- [About this task]: Retype the lines below exactly, from the one that contains "Шутки про день" through the last, and leave every picture out.

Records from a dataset
*** Begin section ***
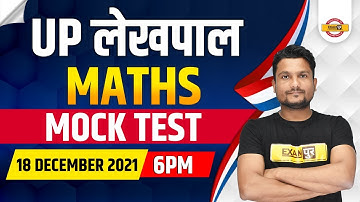 UP LEKHPAL MATHS | LEKHPAL MATH CLASSES | MOCK TEST  | MATHS BY VIKAS SINGH SIR | LIVE🔴6PM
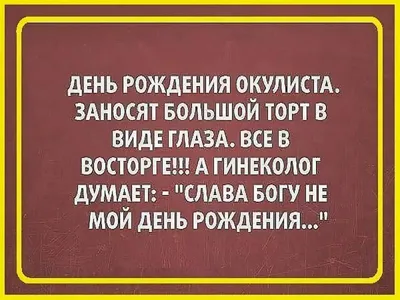 Шутки про день рождения: 50+ самых смешных анекдотов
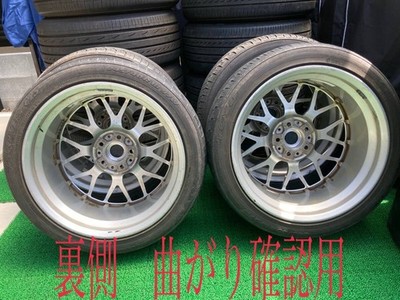 JDM BBS Book item postage 4708-6688 yen Hokkaido PCD 114.3 RS900 & RS9 (No Tires) - Image 9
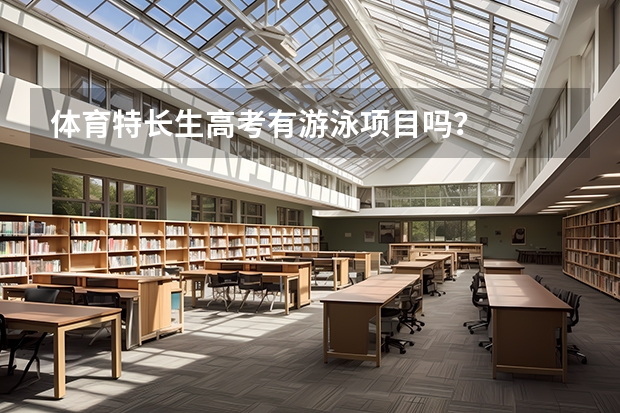 体育特长生高考有游泳项目吗?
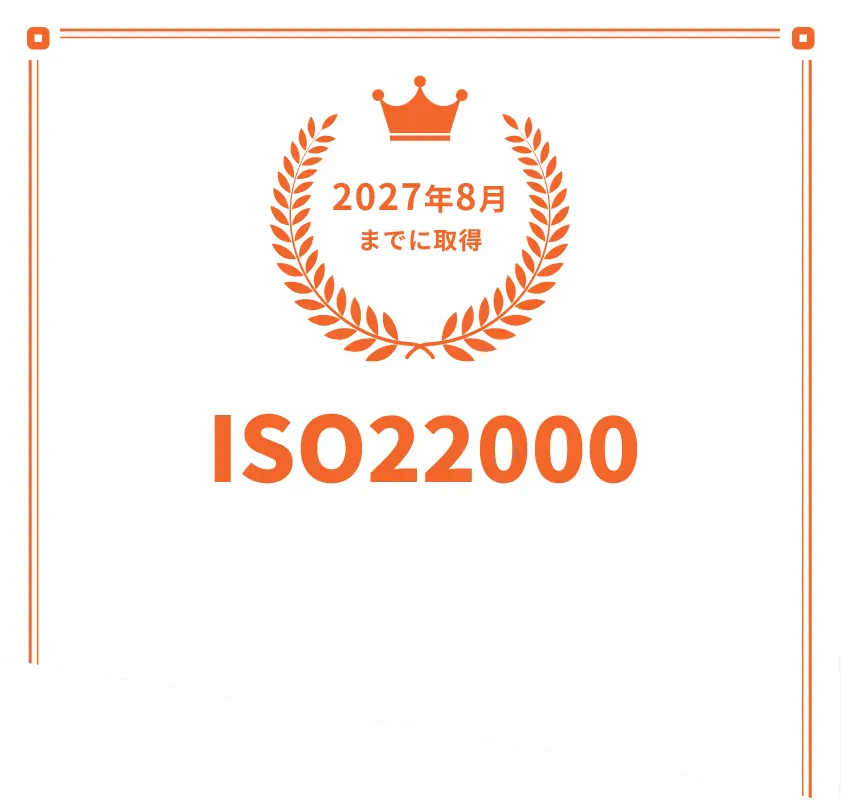 ISO22000
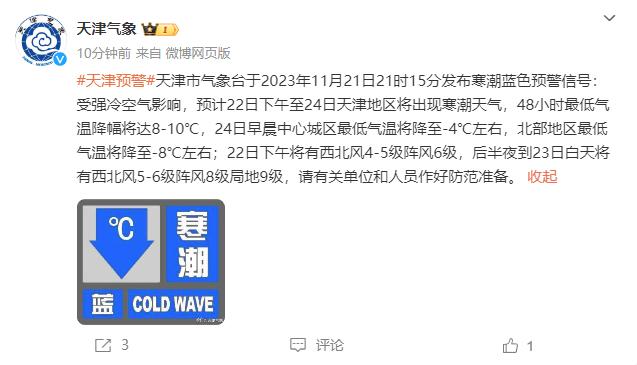 天津发布寒潮预警！最低气温直降8-10℃！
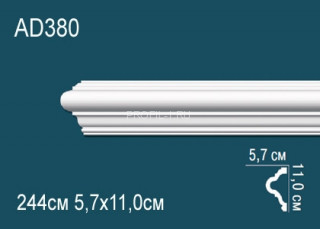 Молдинг Перфект AD380 110х57 мм 244 см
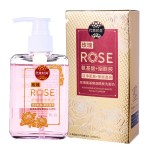 Facial Cleanser Manufacturer - OEM Rose Amino Acid Niacinamide Clean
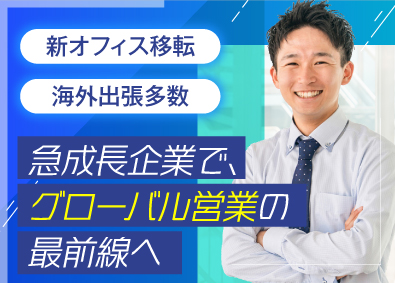 ＫＯＤ株式会社 世界のトップとつながるグローバル営業／新事業部配属チャンスも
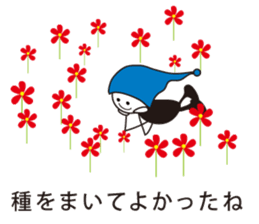 6318029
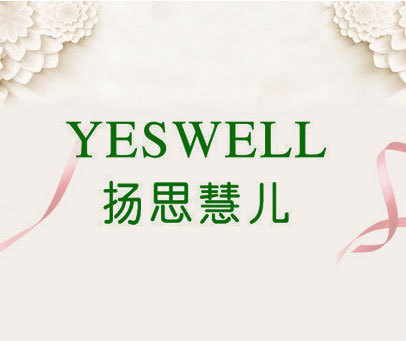 扬思慧儿 YESWELL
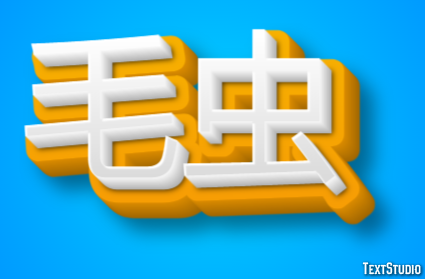 毛虫 Text Effect
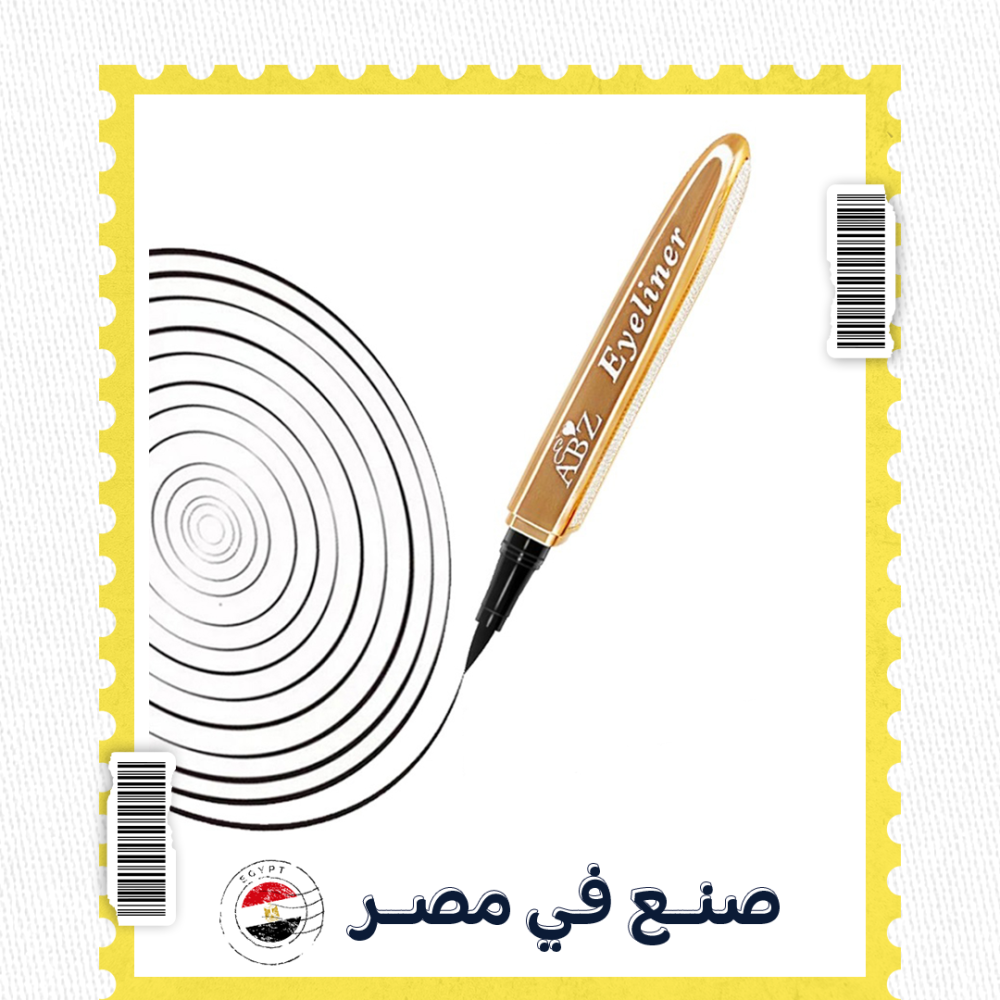 ABZ ايلاينر 1 ABZ ايلاينر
*** End section ***
- [Solution]:
 Шутки про день рождения: 50+ самых смешных анекдотов
 JDM BBS Book item postage 4708-6688 yen Hokkaido PCD 114.3 RS900 & RS9 (No Tires) - Image 9
 体育特长生高考有游泳项目吗?
 ISO22000
 天津发布寒潮预警！最低气温直降8-10℃！
 Молдинг Перфект AD380 110х57 мм 244 см
 Facial Cleanser Manufacturer - OEM Rose Amino Acid Niacinamide Clean
 ＫＯＤ株式会社 世界のトップとつながるグローバル営業／新事業部配属チャンスも
 6318029
 扬思慧儿 YESWELL
 毛虫 Text Effect
 ABZ ايلاينر 1 ABZ ايلاينر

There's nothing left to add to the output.